Greta R. Patzke (born 2 March 1974 in Bremen) is Professor of Inorganic Chemistry at the University of Zurich.

== Life ==
From 1993 to 1997 she studied chemistry at Leibniz University Hannover. Her diploma thesis dealt with solid-state chemistry and computational chemistry. From 1997 to 1999 she completed her dissertation at Leibniz University in the group of Michael Binnewies. This dissertation dealt with the synthesis, characterization and properties of mixed oxides. In the group of Reinhard Nesper at the ETH Zurich she worked on her habilitation from 1999 on. During this time she worked on inorganic structural chemistry, the synthesis of nanomaterials and the systematic application and investigation of hydrothermal techniques. From 2007 to 2013, Greta Patzke was Assistant Professor of Inorganic Chemistry at the University of Zurich (Swiss National Science Foundation's funded professorship). In spring 2013 she was promoted to Associate Professor. Since May 2016 she is Full Professor.
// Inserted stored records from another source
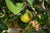 Orangenöl süss bio Citrus sinensis
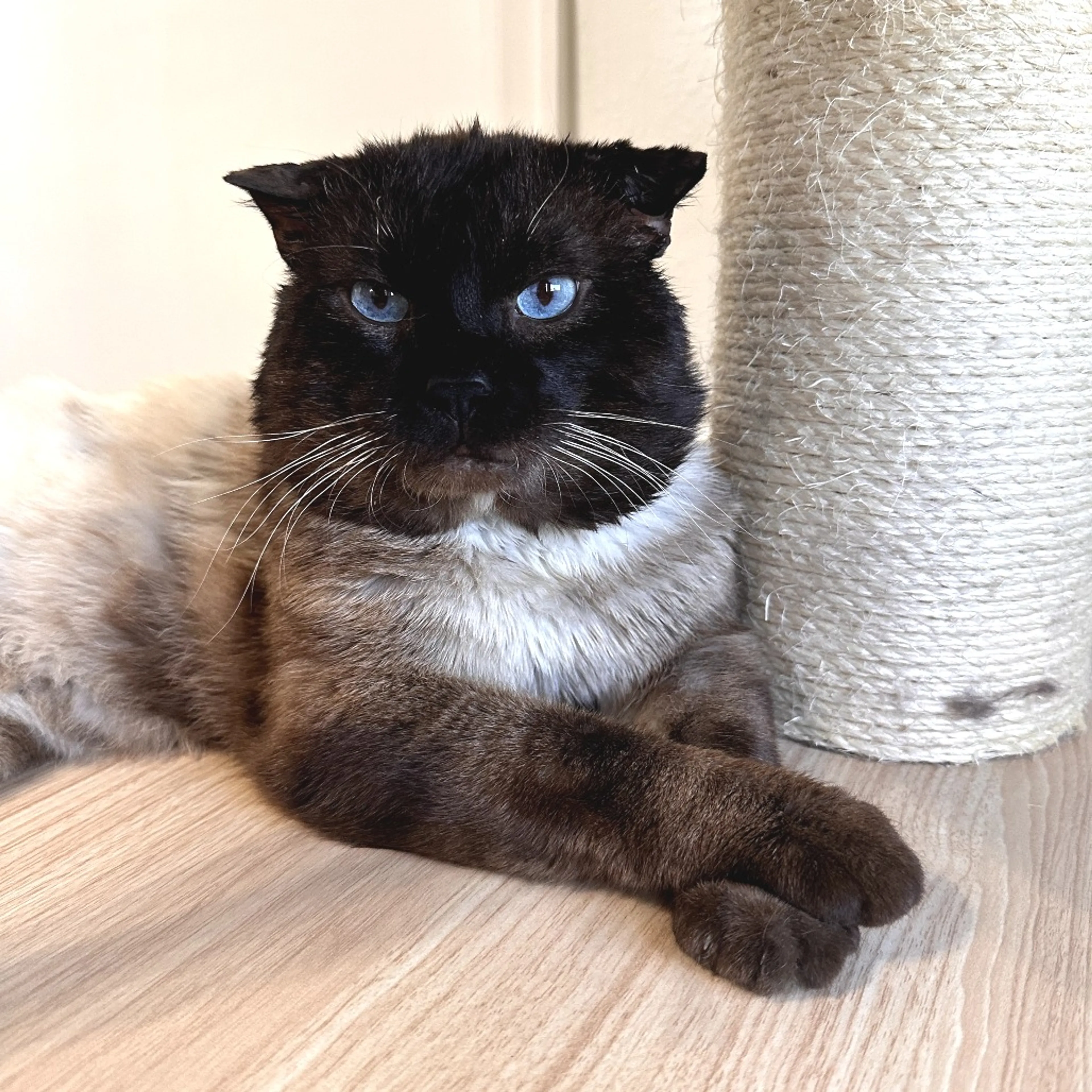 Found pet-1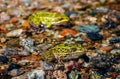 A close up image of two green leopard frogs sitting on a very colorful sandy beach.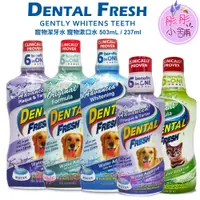 在飛比找蝦皮購物優惠-Dental Fresh 寵物潔牙水 漱口水 503ml 6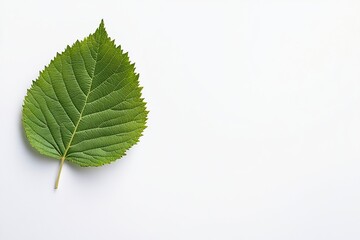 Fototapeta premium A leaf is shown on a white background. , isolated on white background.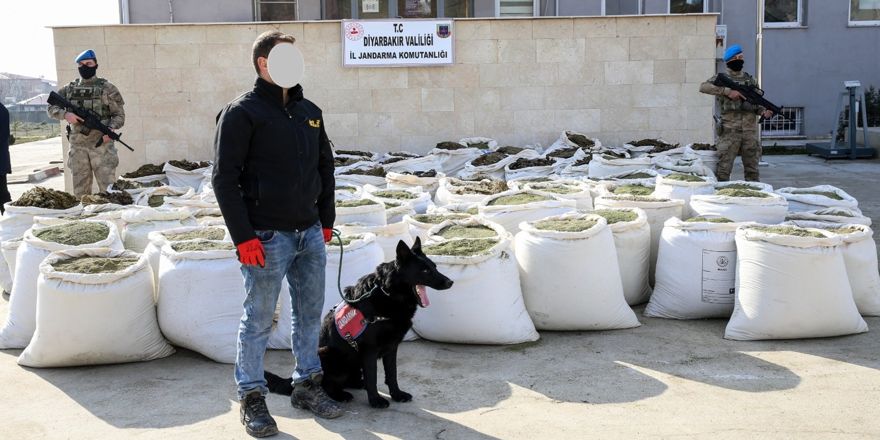 15 milyon kök Hint keneviri ele geçirildi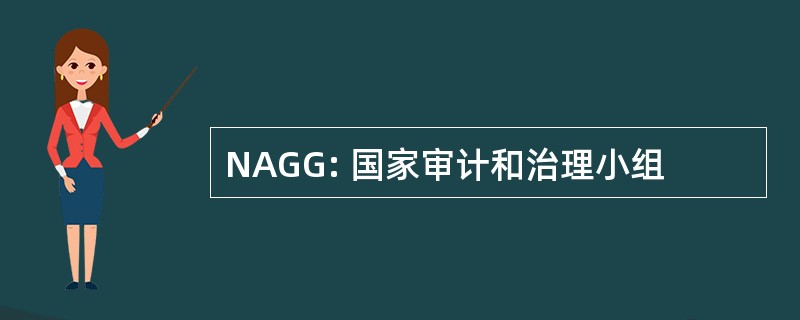 NAGG: 国家审计和治理小组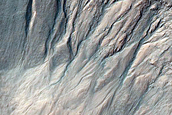 Gully Monitoring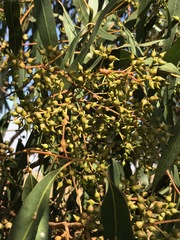 Eucalyptus camaldulensis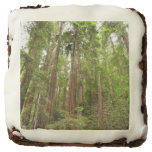 Up to Redwoods I at Muir Woods National Monument Brownie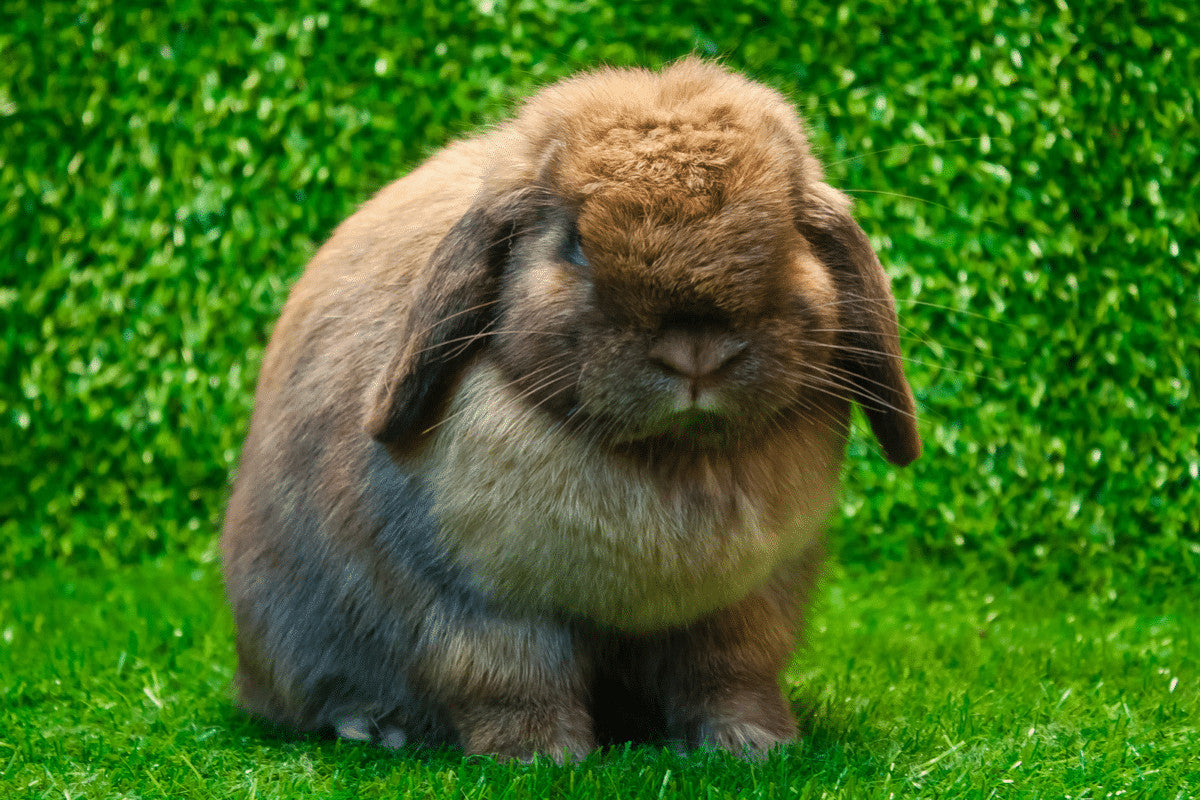 Essential Guide to Mini Lop Rabbit Care: Discover Tips for 2025!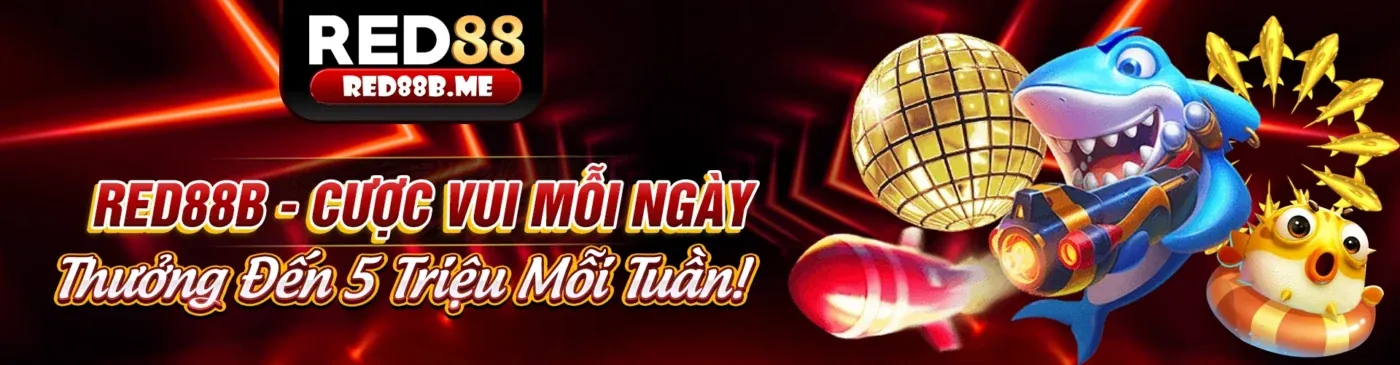 Cơ hội hợp tác cùng rr888 apk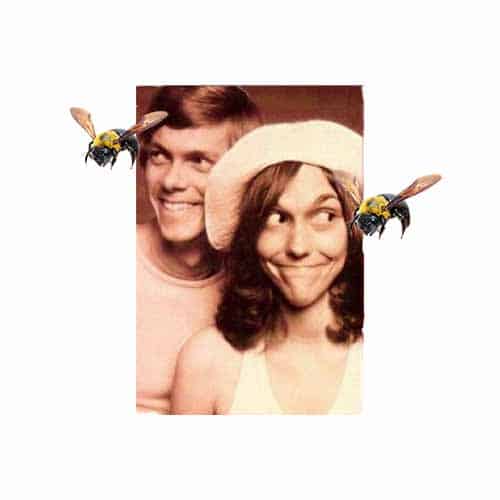 Carpenter-Bee-Blog
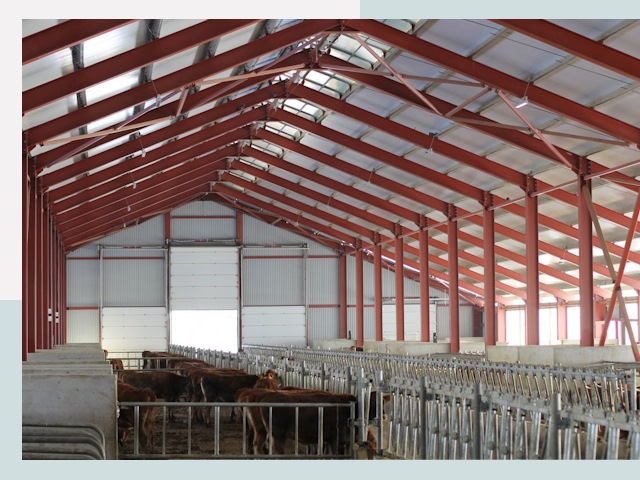 Строительство коровников в Воркуте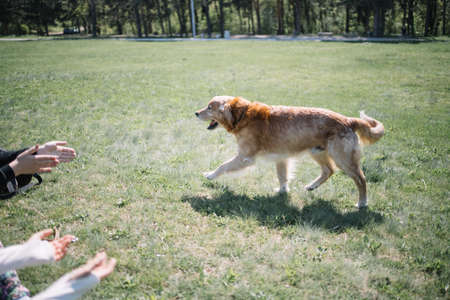 Dog walking on field and female hands clapping. Womens hands clapping at walking dog on field in park during sunny day.の写真素材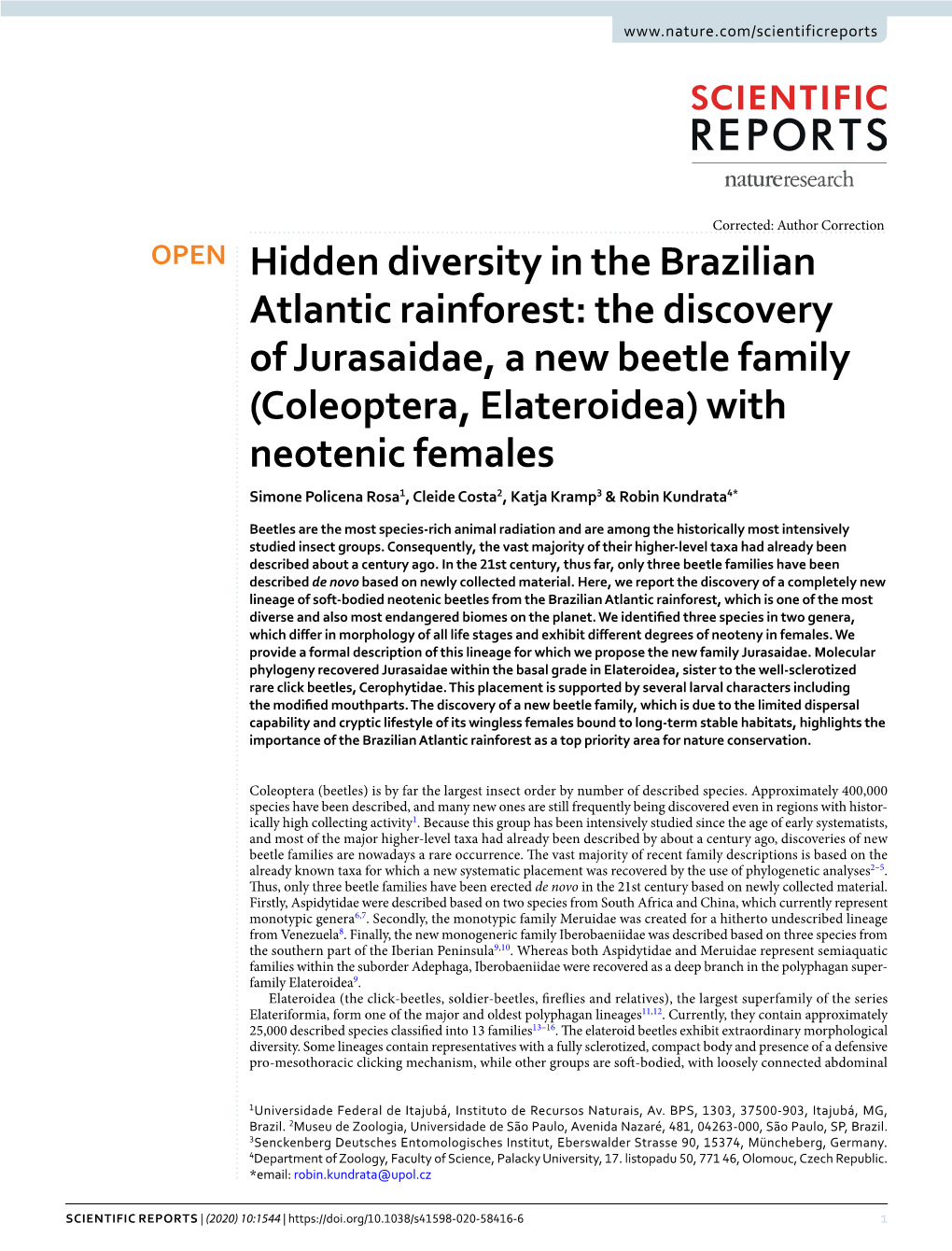 Hidden Diversity in the Brazilian Atlantic Rainforest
Since 2017 she is part of the institute's Board of Directors.

== Prizes and awards ==
- 2017 Credit Suisse Award for Best Teaching
- 07/1993 Gold medal at the 25th International Chemistry Olympiad in Italy (13th overall place worldwide)

== Selected publications ==

- Patzke, Greta R. (2002). "Oxidic Nanotubes and Nanorods—Anisotropic Modules for a Future Nanotechnology"
- Hussain, Firasat (2009). "A Gadolinium-Bridged Polytungstoarsenate(III) Nanocluster: [Gd 8 As 12 W 124 O 432 (H 2 O) 22 ] 60-"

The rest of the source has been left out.